— Assignment —
In the copy you make of the entries, no picture should appear, and every word must match.

(Dataset excerpts begins)

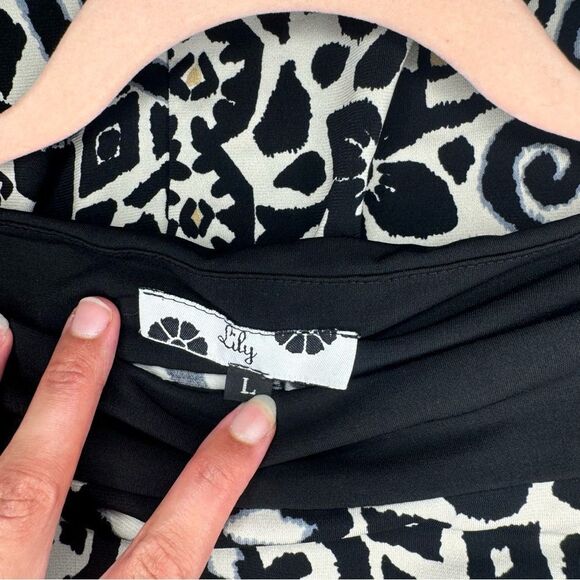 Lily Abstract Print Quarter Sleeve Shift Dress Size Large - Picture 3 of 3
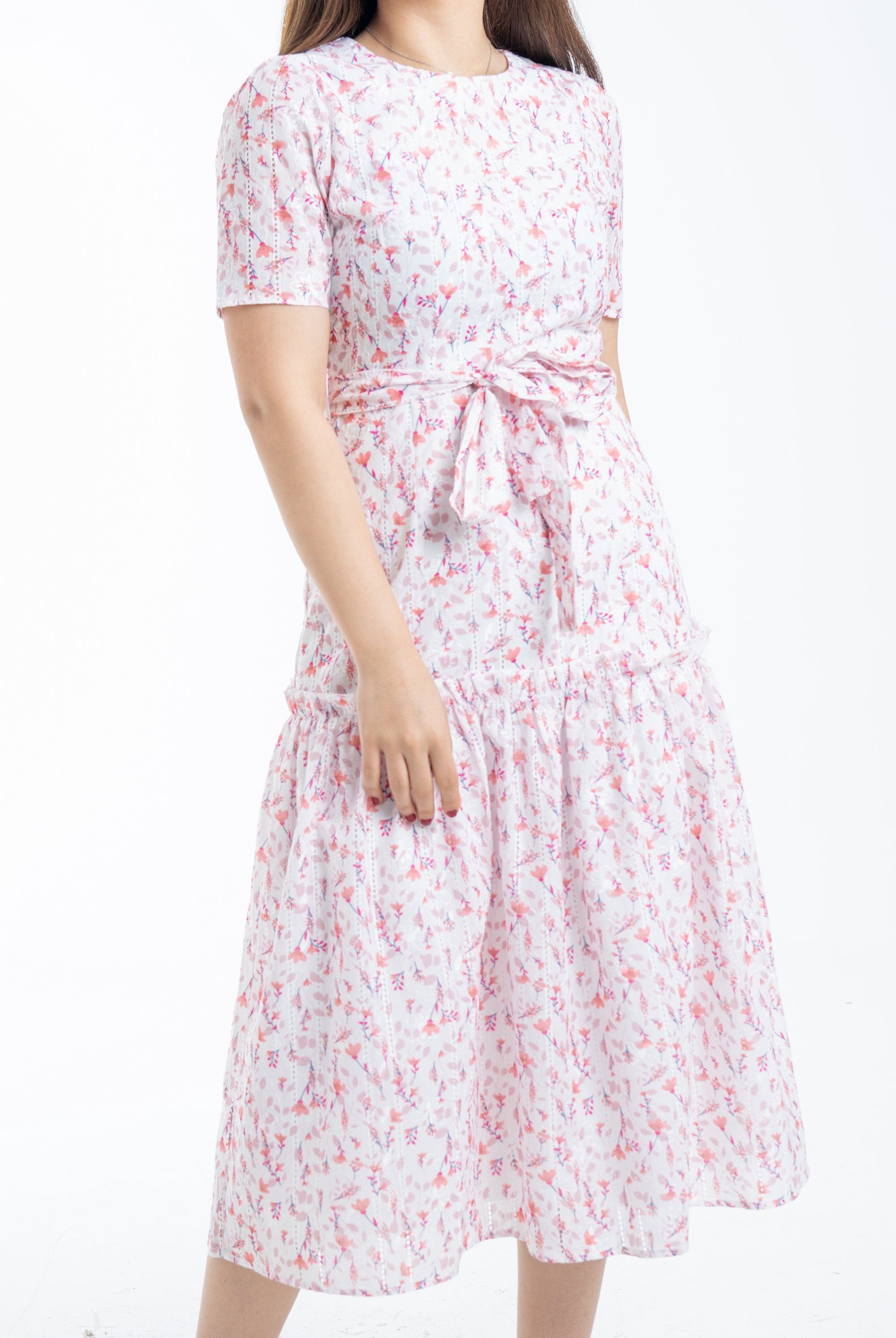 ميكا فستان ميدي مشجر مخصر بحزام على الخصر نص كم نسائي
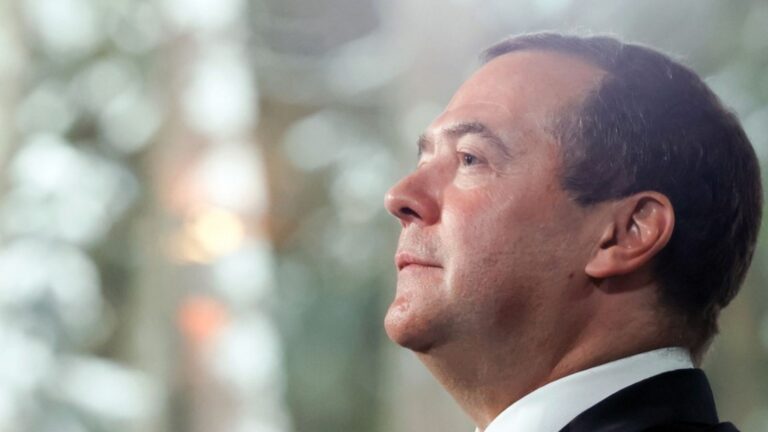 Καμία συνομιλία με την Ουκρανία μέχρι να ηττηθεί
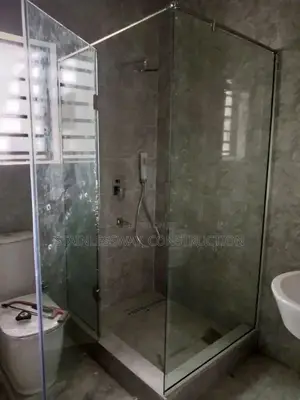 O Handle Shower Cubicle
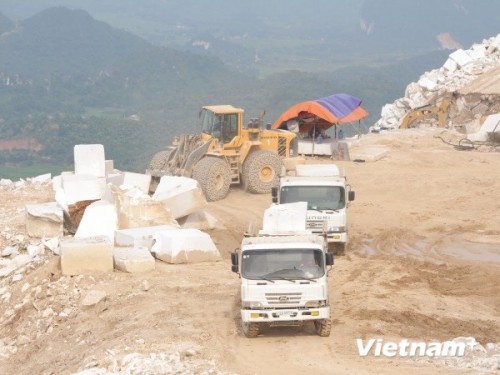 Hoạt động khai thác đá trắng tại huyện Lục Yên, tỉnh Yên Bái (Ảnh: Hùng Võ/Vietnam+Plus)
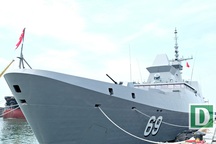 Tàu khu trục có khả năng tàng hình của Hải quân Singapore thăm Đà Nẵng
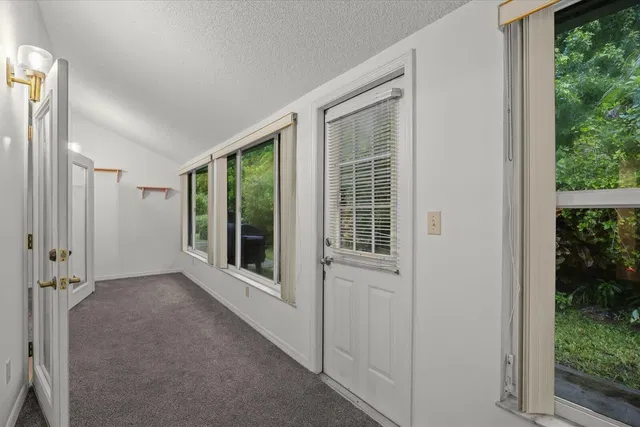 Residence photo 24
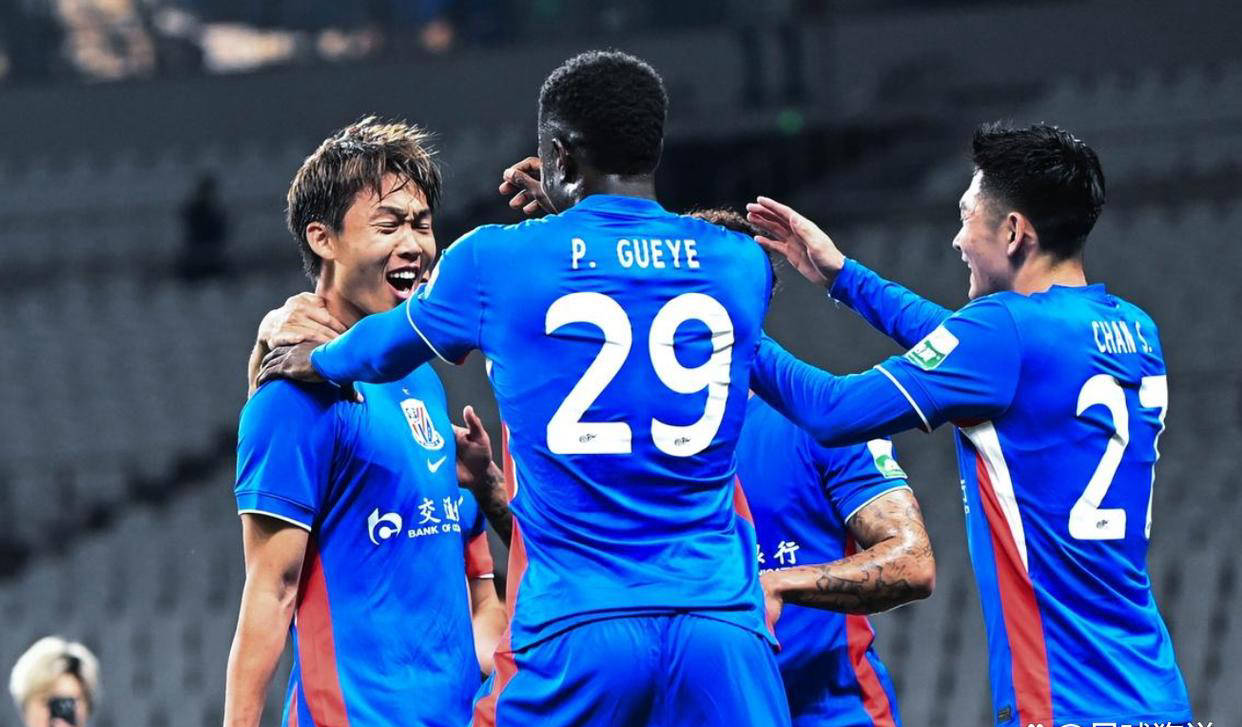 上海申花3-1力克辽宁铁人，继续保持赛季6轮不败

(Dataset excerpts ends)

— Answer for this exercise —
 Lily Abstract Print Quarter Sleeve Shift Dress Size Large - Picture 3 of 3
 ميكا فستان ميدي مشجر مخصر بحزام على الخصر نص كم نسائي
 Καμία συνομιλία με την Ουκρανία μέχρι να ηττηθεί
 O Handle Shower Cubicle
 Hoạt động khai thác đá trắng tại huyện Lục Yên, tỉnh Yên Bái (Ảnh: Hùng Võ/Vietnam+Plus)
 Tàu khu trục có khả năng tàng hình của Hải quân Singapore thăm Đà Nẵng
 Residence photo 24
 上海申花3-1力克辽宁铁人，继续保持赛季6轮不败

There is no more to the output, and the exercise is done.